*PROVIDED DATA*:
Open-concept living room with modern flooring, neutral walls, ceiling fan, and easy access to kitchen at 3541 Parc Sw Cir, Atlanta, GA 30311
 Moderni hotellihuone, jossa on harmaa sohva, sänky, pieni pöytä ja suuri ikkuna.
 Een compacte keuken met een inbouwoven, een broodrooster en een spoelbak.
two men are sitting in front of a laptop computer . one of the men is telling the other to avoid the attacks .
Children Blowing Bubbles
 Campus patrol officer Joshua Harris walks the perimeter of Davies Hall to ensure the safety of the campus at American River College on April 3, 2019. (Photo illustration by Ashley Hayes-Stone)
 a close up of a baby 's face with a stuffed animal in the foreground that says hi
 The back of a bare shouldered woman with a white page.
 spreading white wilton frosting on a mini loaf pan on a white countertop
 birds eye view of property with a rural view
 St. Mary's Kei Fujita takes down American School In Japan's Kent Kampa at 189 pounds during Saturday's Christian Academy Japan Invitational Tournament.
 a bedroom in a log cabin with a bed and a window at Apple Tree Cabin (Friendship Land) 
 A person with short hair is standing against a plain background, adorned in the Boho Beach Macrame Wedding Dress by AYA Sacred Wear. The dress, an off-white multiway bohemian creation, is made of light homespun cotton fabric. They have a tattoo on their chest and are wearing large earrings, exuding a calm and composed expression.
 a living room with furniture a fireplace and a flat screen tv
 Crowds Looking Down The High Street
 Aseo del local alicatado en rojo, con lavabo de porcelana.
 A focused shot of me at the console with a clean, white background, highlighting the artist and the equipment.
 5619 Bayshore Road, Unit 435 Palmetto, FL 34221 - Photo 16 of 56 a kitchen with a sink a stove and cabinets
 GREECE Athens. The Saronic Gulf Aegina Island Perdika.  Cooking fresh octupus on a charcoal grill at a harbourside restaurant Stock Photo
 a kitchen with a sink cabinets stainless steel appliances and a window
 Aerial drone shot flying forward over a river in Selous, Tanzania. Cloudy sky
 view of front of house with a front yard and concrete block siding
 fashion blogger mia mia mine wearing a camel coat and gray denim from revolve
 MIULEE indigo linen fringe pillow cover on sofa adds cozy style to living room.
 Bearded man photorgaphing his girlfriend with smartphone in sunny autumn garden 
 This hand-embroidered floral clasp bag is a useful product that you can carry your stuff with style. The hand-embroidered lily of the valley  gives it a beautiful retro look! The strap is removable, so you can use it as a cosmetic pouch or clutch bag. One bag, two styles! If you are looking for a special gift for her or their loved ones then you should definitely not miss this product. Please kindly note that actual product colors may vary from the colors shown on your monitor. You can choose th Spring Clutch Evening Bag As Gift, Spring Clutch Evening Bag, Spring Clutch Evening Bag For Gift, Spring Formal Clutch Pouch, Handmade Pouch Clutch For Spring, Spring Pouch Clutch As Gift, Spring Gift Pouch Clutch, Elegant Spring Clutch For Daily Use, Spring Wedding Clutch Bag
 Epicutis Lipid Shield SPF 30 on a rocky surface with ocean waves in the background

*WHAT THIS TASK INVOLVES*:
Every line from the top of the material through the line containing "two men are" must be transcribed exactly, and no other line may appear.

*RESULT FOR THIS TASK*:
Open-concept living room with modern flooring, neutral walls, ceiling fan, and easy access to kitchen at 3541 Parc Sw Cir, Atlanta, GA 30311
 Moderni hotellihuone, jossa on harmaa sohva, sänky, pieni pöytä ja suuri ikkuna.
 Een compacte keuken met een inbouwoven, een broodrooster en een spoelbak.
two men are sitting in front of a laptop computer . one of the men is telling the other to avoid the attacks .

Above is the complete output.